Скажем, Древняя Греция с ее первобытной демократией (и все же, демос – против олигархии), просуществовав около пяти веков, Древний Рим с его первобытной республикой (рабы и плебеи против патрициев), просуществовав около четырех веков, причем, почти одновременно, дали человечеству куда больше для гуманного мышления, чем, скажем, дала потом Византия с ее менее резко выраженным классово-сословным антагонизмом (не называя себя ни «демократией», ни «республикой»), просуществовав около одиннадцати веков!.. Не Эпоха Возрождения родила гуманизм, как принято считать, она его утверждала. Корни его столь же древние, как сам род человеческий…
Думается, одной из причин существования в России великой классики, ее общечеловеческого гуманного пафоса, в том, что у нее было это великое «во имя»!.. Сперва против самодержавия и крепостничества, затем против самодержавия и зарождавшейся власти денег, и всегда против бесправия и небывалых страданий самого массового и угнетенного класса в первую голову – крестьянства… Думается, нигде крестьянство не было так обездолено, как в России. Достаточно вспомнить, что Запад фактически не знал крепостного права над своим крестьянством, не знал и великую совестливость нашей литературы.

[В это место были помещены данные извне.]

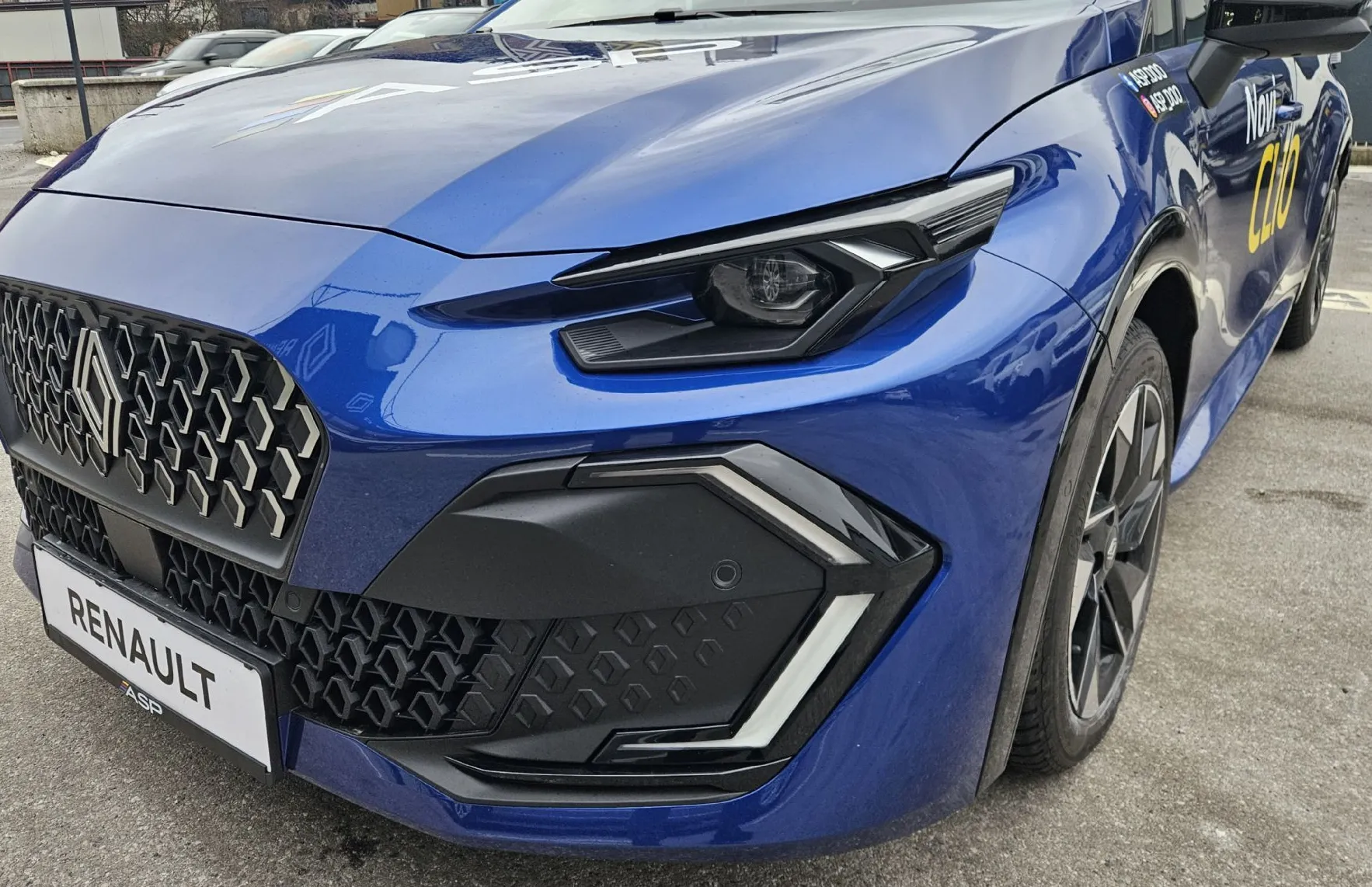 Zunanja slika - Renault Clio - techno TCE 115 - 4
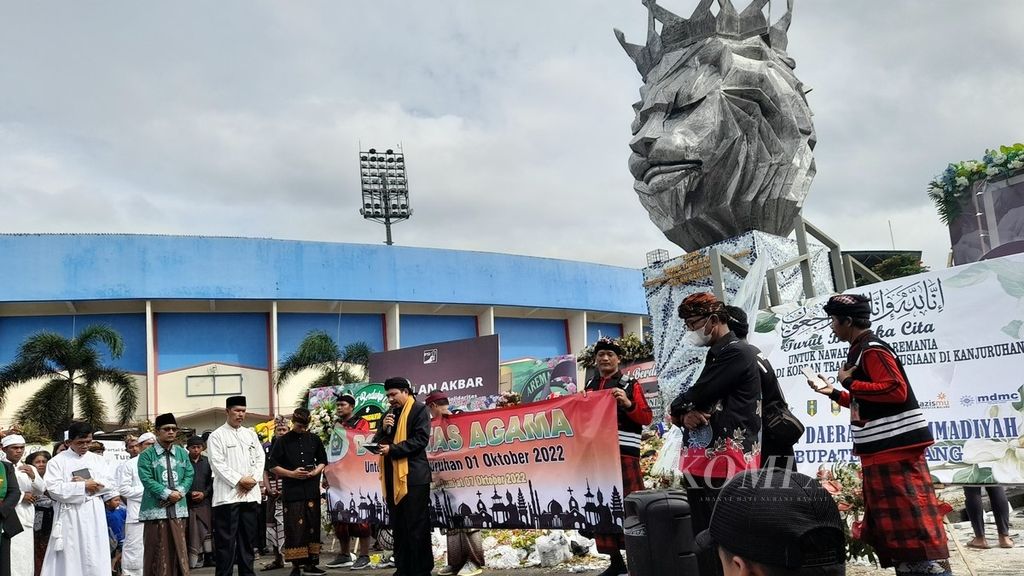 Doa lintas agama dalam rangka tujuh hari peristiwa tragedi Kanjuruhan dilakukan, Jumat (7/10/2022) sore, di depan patung singa di halaman stadion.
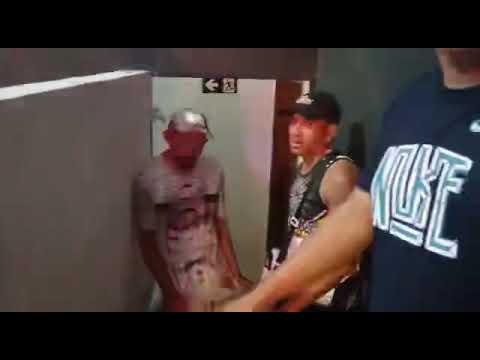 MC TEP OUSADO FUNK  AO VIVO NA FESTA DE 6 ANOS DA FAPE    ( = DJ ADRIANO = )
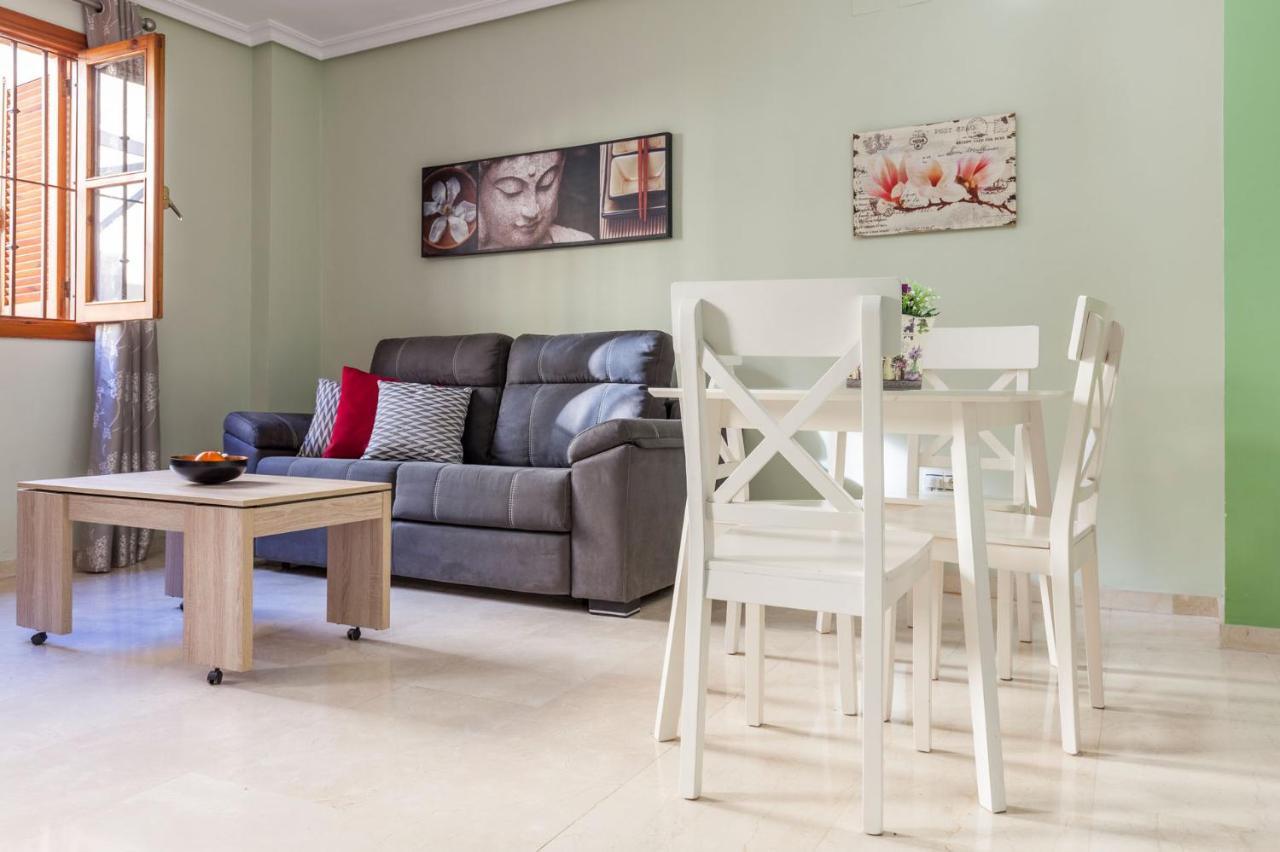 Apartamento Calle Sierpes Sevilla Buitenkant foto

В нашем обществе давно уже нет классового антагонизма и прежнего – святым состраданием своим – «во имя». Но, к счастью, все же сохранилось от классики традиционное служение у нашей литературы – «во имя человека»! И пусть современные наши писатели сейчас не создают – каждый сам по себе – литературной эпохи, зато они создают образ небывало усложнившегося времени!.. А там, движущаяся история литературы многое уточнит в свершившейся истории литературы. Уточняется и традиционно почитаемая классика, многое значительное предстает из забвения. Начертательность процесса – и неоднонаправленная, и не прямолинейная!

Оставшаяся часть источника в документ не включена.